Take Me Out, Richard Greenberg's new play about an incident-packed season of a Yankees-like major league baseball team, will start Broadway previews at the Walter Kerr Theatre Feb 4, 2003 following its London and current Off-Broadway world premiere staging.

Carole Shorenstein Hays will present the Donmar Warehouse and The Public Theater/New York Shakespeare Festival production of the play, which has been selling out this fall in its extended run (newly announced to Nov. 24) at the Public's three-quarter Anspacher Theater downtown. The official Broadway opening is Feb. 27.

Initial news of the transfer was previously confirmed by a spokesman for Hays late Oct. 10.

Negotiations for the entire original Donmar/Public cast are underway, though the troupe is expected to repeat its duties at the Kerr, a spokesman said. The creative team's work, including Scott Pask's potent Astro-Turf-trimmed scenic design, will have to be modified for a proscenium house, as will Joe Mantello's direction.

* In addition to the much-publicized nudity in the three-act play's locker room scenes, crowds have been wowed by the play's view of baseball as democracy in microcosm, to say nothing of Greenberg's take on celebrity, homophobia, ego, prejudice, friendship and more. Pundits say the confluence of ideas in Take Me Out (the title has many meanings) makes it a likely candidate for the major prizes come spring (Greenberg was a Pulitzer Prize finalist for Three Days of Rain).
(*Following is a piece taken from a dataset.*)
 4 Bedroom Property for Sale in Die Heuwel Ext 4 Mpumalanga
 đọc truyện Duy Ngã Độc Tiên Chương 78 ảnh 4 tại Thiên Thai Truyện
The play's central event involves a superstar ball player (played by Daniel Sunjata) telling the world he's gay and the ramifications of the disclosure, though the play reaches beyond that plot point. Observers have pointed out the incident is just that — incidental to the larger canvas.

A third extension to Nov. 24 at The Public coincided with the Broadway confirmation Oct. 10. Take Me Out began previews Aug. 23 and opened Sept. 5 at The Public. It has been extended three times downtown. The play has been a hot prospect for commercial transfer since its first preview. It will be the third Public Theater production in a year to transfer to Broadway, following Elaine Stritch At Liberty and Topdog/Underdog. The Walter Kerr will be vacated by the two-year-old hit, Proof, Jan. 5, 2003.

*

Sanguine reviews and pre-opening newspaper articles about Take Me Out's sexual, racial and sports content — to say nothing of the male nude scenes — have fueled intense interest from sports fans and traditional theatregoers alike.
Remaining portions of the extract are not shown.